= List of Liliaceae genera =

The List of Liliaceae genera has been much reduced by modern molecular phylogenetic based taxonomy. The current taxonomy of Liliaceae treats the family Liliaceae as having three subfamilies, with the Liliodeae being further subdivided into two tribes, the Medeoleae and Lilieae. The family Liliaceae consists of fifteen genera and approximately 600 species in all.

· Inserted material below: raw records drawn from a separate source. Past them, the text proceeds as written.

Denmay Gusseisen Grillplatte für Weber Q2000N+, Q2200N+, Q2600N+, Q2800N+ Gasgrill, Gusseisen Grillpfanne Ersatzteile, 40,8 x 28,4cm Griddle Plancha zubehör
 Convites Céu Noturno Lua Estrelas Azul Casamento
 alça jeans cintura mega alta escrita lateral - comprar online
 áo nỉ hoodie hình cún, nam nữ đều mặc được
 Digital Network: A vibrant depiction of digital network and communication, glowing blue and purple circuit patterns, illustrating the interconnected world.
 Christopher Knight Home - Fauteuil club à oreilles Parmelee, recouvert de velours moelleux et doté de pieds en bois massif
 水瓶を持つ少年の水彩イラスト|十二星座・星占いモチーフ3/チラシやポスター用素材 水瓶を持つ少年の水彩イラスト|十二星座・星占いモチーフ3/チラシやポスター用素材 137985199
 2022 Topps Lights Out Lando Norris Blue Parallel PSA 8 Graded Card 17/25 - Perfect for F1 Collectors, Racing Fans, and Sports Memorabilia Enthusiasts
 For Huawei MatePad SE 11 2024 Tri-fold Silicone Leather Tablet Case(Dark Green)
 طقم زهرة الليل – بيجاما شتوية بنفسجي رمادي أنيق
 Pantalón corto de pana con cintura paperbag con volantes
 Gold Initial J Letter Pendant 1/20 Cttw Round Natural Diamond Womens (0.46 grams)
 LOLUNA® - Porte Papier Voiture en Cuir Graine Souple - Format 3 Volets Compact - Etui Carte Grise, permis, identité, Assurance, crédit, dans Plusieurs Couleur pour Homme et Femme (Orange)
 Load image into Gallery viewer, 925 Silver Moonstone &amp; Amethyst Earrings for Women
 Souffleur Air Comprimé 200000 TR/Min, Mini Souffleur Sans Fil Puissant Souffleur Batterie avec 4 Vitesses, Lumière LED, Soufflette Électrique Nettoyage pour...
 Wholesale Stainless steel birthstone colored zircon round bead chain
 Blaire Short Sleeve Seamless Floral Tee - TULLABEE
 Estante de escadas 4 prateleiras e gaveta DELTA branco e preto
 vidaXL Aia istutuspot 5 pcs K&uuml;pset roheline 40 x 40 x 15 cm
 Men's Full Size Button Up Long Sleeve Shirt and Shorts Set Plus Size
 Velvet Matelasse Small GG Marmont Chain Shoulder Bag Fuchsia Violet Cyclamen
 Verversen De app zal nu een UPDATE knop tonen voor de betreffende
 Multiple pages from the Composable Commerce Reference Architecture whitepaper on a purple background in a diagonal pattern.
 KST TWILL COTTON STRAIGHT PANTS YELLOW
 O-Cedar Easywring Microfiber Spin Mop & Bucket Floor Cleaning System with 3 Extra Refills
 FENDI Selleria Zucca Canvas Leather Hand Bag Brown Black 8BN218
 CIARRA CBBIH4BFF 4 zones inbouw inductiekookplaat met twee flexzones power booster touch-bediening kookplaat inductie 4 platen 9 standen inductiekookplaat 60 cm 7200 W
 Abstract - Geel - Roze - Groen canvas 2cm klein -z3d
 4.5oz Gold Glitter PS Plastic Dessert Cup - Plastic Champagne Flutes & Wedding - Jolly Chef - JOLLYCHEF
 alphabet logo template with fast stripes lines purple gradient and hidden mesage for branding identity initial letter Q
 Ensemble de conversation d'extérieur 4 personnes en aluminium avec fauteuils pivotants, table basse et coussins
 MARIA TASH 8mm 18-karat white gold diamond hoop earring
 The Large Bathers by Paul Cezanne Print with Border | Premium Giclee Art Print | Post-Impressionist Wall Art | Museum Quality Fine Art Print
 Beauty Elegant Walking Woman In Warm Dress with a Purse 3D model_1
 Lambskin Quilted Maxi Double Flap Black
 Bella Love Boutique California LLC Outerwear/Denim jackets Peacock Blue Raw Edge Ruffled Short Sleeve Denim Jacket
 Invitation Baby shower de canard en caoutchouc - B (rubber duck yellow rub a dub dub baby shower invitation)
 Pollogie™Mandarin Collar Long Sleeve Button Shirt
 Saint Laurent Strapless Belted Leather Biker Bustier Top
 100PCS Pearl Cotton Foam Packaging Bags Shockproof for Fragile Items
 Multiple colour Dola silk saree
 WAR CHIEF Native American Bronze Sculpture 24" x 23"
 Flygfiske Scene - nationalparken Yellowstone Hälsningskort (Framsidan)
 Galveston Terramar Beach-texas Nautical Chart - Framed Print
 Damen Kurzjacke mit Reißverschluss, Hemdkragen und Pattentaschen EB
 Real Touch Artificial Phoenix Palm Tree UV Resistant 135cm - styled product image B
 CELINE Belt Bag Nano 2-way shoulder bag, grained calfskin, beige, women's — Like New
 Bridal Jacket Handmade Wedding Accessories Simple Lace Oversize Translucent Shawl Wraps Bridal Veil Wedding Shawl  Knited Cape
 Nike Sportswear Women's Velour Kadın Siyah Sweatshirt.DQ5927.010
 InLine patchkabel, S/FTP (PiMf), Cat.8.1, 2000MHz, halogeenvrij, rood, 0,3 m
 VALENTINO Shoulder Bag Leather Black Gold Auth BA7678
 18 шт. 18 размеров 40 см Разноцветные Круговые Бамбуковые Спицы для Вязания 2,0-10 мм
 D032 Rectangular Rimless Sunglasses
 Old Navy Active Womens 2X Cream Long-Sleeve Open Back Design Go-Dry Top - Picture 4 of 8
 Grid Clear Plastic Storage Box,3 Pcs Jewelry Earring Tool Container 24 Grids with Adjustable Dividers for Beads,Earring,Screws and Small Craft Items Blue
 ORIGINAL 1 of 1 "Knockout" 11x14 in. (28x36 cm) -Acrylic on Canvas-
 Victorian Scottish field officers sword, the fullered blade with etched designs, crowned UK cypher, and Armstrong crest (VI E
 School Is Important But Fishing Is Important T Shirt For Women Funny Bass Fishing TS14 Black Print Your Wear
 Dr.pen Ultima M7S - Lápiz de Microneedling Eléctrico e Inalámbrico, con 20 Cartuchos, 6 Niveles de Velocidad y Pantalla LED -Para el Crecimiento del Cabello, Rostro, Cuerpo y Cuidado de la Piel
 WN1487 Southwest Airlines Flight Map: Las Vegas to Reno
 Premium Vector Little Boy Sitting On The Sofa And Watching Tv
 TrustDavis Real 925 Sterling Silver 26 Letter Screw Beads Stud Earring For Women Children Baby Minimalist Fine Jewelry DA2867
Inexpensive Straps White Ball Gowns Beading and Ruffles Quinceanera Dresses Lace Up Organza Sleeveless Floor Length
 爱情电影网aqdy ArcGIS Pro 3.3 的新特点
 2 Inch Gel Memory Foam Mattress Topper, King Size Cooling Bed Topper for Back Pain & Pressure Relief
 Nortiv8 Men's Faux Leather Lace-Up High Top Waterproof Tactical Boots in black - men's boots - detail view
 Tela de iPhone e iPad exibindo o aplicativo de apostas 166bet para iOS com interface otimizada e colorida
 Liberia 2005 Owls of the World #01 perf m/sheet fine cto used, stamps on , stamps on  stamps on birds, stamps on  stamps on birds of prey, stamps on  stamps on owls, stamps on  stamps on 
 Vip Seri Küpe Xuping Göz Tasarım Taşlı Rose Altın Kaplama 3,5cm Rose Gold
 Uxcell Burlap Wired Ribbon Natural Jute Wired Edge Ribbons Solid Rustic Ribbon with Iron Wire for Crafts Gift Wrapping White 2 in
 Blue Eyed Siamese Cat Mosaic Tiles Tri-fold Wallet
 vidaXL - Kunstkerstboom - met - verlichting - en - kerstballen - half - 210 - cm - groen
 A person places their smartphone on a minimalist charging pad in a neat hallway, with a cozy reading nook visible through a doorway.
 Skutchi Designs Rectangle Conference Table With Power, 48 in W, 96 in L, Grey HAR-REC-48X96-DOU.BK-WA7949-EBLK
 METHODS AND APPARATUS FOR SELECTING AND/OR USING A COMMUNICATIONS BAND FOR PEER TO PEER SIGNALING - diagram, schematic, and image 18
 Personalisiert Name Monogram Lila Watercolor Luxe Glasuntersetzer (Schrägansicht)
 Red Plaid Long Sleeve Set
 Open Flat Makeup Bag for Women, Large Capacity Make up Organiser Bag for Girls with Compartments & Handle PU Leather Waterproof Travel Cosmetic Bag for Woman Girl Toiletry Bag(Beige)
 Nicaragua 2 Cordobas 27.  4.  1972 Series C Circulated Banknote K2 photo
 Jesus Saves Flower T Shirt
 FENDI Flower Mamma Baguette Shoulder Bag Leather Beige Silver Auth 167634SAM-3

== List of genera by subfamilial divisions ==

List of genera of family Liliaceae, arranged by Subfamilies and Tribes according to the Angiosperm Phylogeny Website and Angiosperm Phylogeny Group
| Subfamily | Tribe | Genus | Image |
| Lilioideae Eaton | Medeoleae Benth. (synonyms: Medeolaceae Takht., Medeoloideae Benth.) | Clintonia Raf. - bead lilies | Clintonia borealis |
| Medeola Gronov. ex L. - Indian cucumber-root | Medeola virginiana |
| Lilieae s.l. Ritgen (synonyms: Erythroniaceae Martinov, Fritillariaceae Salisb., Liriaceae Borkh., Tulipaceae Borkh.) (Some classifications place Tulipa and Erythronium into a separate tribe: Tulipeae with the remaining genera in Lilieae s.s.)| | Amana Honda | Amana edulis |
| Cardiocrinum (Endl.) Lindl. - giant lilies | Cardiocrinum giganteum |
| Fritillaria Tourn. ex L. – fritillary or mission bells | Fritillaria crassifolia |
| Gagea Salisb. (including Lloydia Salisb. ex Rchb.) – yellow star-of-Bethlehem | Gagea lutea |
| Lilium Tourn. ex L. (including Nomocharis Franch.) – lily | Lilium candidum |
| Notholirion Wall. ex Boiss. | Notholirion macrophyllum |
| Tulipa L. – tulip | Tulipa aucheriana |
| Erythronium L. – trout lily | Erythronium sibiricum |
| Calochortoideae Dumort. (synonyms: Calochortaceae Dumort., Compsoaceae Horan., nom. illeg., Tricyrtidaceae Takht., nom. cons.) |  | Calochortus Pursh - mariposa, globe lilies | Calochortus catalinae |
| Tricyrtis Wall. – toad lily | Tricyrtis hirta |
| Streptopoideae (synonym: Scoliopaceae Takht.) |  | Prosartes D.Don – drops of gold | Prosartes hookeri |
| Scoliopus Torr. – Fetid Adder's Tongue | Scoliopus bigelovii |
| Streptopus Michx. – twistedstalk | Streptopus lanceolatus |
The situation with respect to Calochortoideae remains uncertain. Originally Calochortus and Tricyrtis were considered to be sister clades and placed together in subfamily Calochortoideae. Further study has not confirmed this and it has been proposed that Tricyrtis be placed in a separate subfamily.